Big push to revive mining reputation



19-09-2014
Read : 22 times
Fin24
Source

Johannesburg - South Africa's mining industry faces a number of challenges that require determined and systematic resolution, Deputy Mineral Resources Minister Godfrey Oliphant said on Thursday.

"Importantly, our success will depend largely on the degree to which all the stakeholders participate in finding effective solutions and commit to re-establishing the industry's reputation and restoring its growth path," Oliphant said.

In a speech prepared for delivery at Kumba stakeholder day, Oliphant said there were a number of issues within the industry that required both political and technical leadership.

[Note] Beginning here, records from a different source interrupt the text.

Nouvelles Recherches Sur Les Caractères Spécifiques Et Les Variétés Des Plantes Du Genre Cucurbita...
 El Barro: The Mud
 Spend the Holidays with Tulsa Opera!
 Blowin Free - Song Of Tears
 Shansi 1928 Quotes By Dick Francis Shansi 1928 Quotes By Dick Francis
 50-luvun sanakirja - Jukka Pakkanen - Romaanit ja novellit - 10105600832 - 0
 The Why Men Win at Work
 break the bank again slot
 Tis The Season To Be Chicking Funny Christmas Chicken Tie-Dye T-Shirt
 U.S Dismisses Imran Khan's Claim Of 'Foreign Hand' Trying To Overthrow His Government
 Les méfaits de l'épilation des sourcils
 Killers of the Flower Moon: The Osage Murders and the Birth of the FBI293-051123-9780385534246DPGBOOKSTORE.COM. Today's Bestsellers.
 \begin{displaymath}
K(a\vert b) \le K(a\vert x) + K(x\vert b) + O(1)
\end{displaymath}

These included the need to boost exploration and prospecting investment, workforce health and safety, rehabilitating the environmental legacy, illegal mining, and benefication and revitalisation of mining regions.

"Preceding all these pressing items is a far more strategic issue, the No1 on my list, namely the need to revive the reputation of our mining industry and its global branding," Oliphant said.

The events of the past couple of years, in particular the prolonged strike in the platinum sector earlier this year, seriously damaged the reputation of South Africa's mining industry and its governance structures.

While it was tempting to blame certain sector players, it was of national interest all key players instead focused on their collective responsibility to safeguard the industry, its sustainability and its global competitiveness.

"The urgent rehabilitation of the industry's branding and its comparative positioning remain the topmost priority," the deputy minister said.

"To this end, we should certainly learn from our own lessons of experience and that of the others."

Structural issues in the industry needed a collective and effective resolution.

"In fact, there is a real risk that if matters are left to uncoordinated socio-political and financial markets, the industry will evolve along the trajectory of capital intensification and resource under-utilisation," he said.

The result would be a steady contraction in the sector's employment level and other social benefits.

"It is clear that the prosperity of the nation, in many of our regions and our social welfare are greatly affected by the developments in the mining sector," Oliphant said.

"This is particularly so if we consider the vast opportunities and the great potential that the mining sector has to offer."

Careful analysis of South Africa's modern economic history would show the sector has had a pivotal role in the modernisation of the South African economy.

"Much of our country's industrialisation has been and remains due to our resourceful and robust mineral sector endowment," Oliphant said.

"It is therefore a national imperative that we focus on the ways and means of unlocking the inherent potential of the sector at the same time that we deal with the outstanding structural issues facing the industry."